Entitled Greening Africa’s Industrialization, the theme of this year’s report is said to go beyond simply showing the importance of Africa’s industrialization; it also emphasizes the importance of how Africa industrializes.

“The report’s country case studies provide concrete examples of successful greening activities across key sectors,” Mr. Abdelaziz explained. “The innovative modelling scenarios used to evaluate the impact of ‘business as usual’ versus the ‘greening’ approach help make clear that green industrialization is the best way forward for the continent’s efforts to achieve inclusive and sustainable structural economic transformation.”

He also informed delegations that the report provides concrete recommendations of effective policy frameworks and actions that will enable African Governments to translate these aims into tangible results.

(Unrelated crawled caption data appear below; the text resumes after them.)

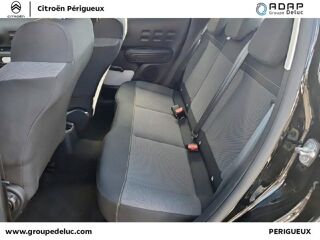 C3 1.2 PureTech 83ch S&S Feel 122-123g 2020 occasion 24750 Tr&eacute;lissac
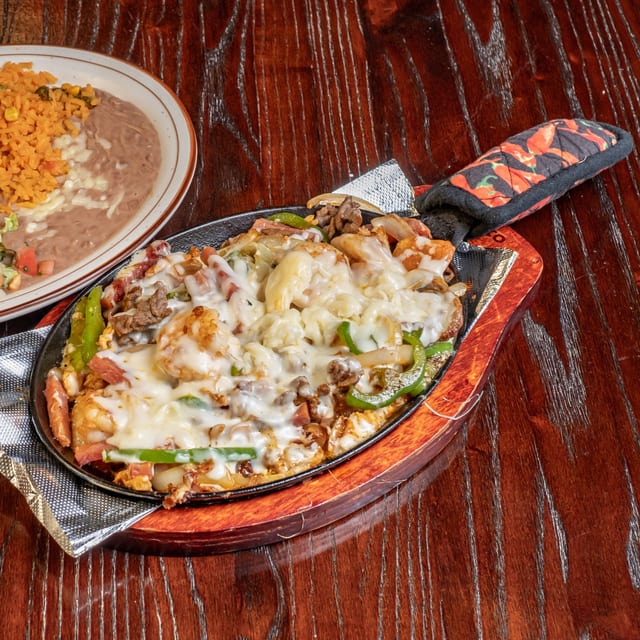 Factory Fajitas.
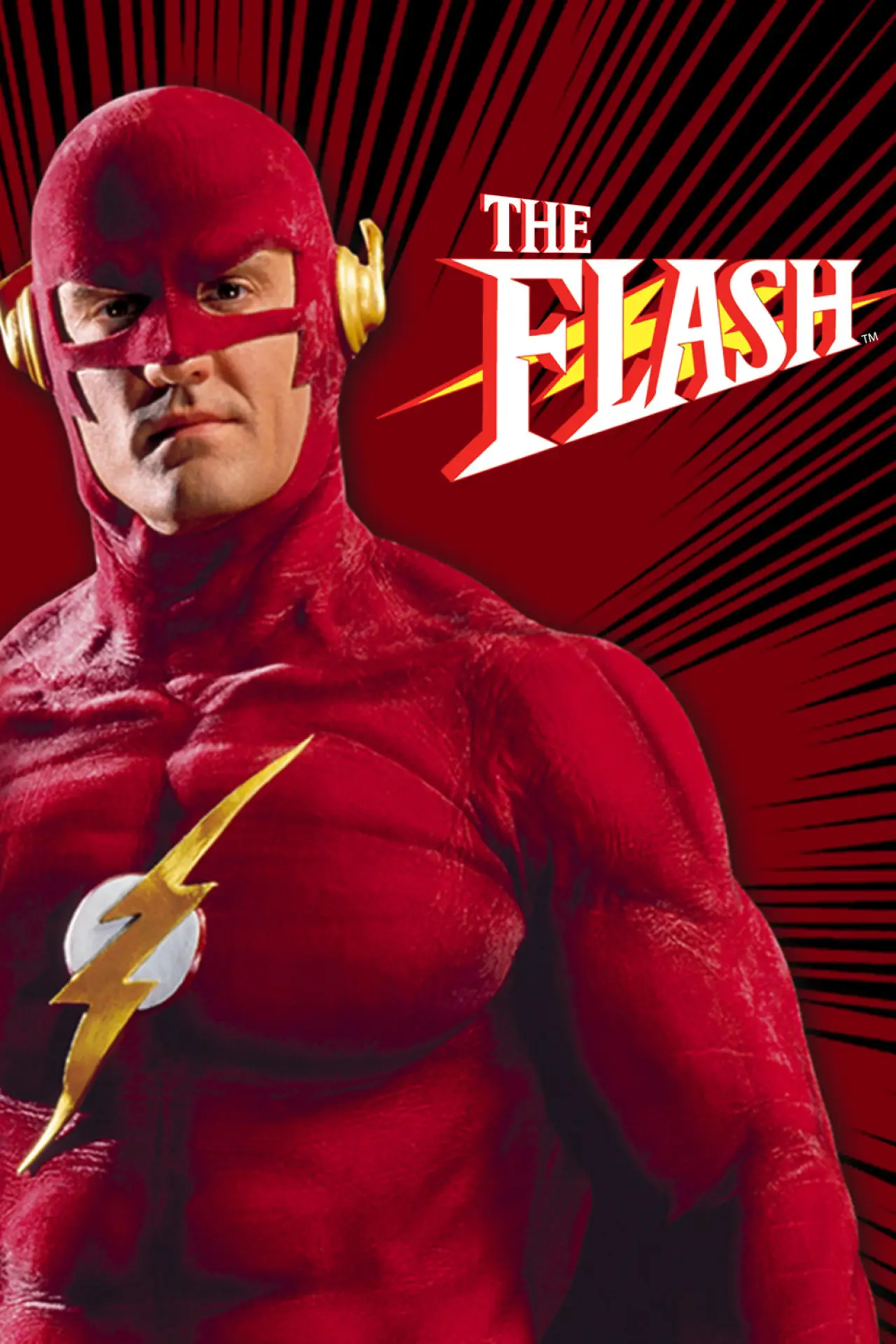 Постер к сериалу "The Flash"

Additionally, the UN official emphasized that one of its greatest strengths is its timing: “2016 marks a particularly important time in Africa’s development, as the continent embarks on the implementation of the major global and regional development agendas adopted last year,” he said, referring to the 2030 Agenda for Sustainable Development and the Addis Ababa Action Agenda on financing for development.

The 2030 Agenda its 17 Sustainable Development Goals (SDGs) call for sustainable industrialization, universal access to sustainable modern energy, ending hunger through sustainable agriculture, urgent action to combat climate change and its impacts, and the conservation and sustainable use of the oceans, seas and marine resources.

Mr. Abdelaziz further insisted that the timing of the report is “powerful” because Africa is still in the early stages of its industrialization: “As such, African countries have the ability to, as the report says, ‘get it right the first time’ by capitalizing on their current low-carbon position, thus ‘leapfrogging’ past the mistakes made by their predecessors,” he underlined.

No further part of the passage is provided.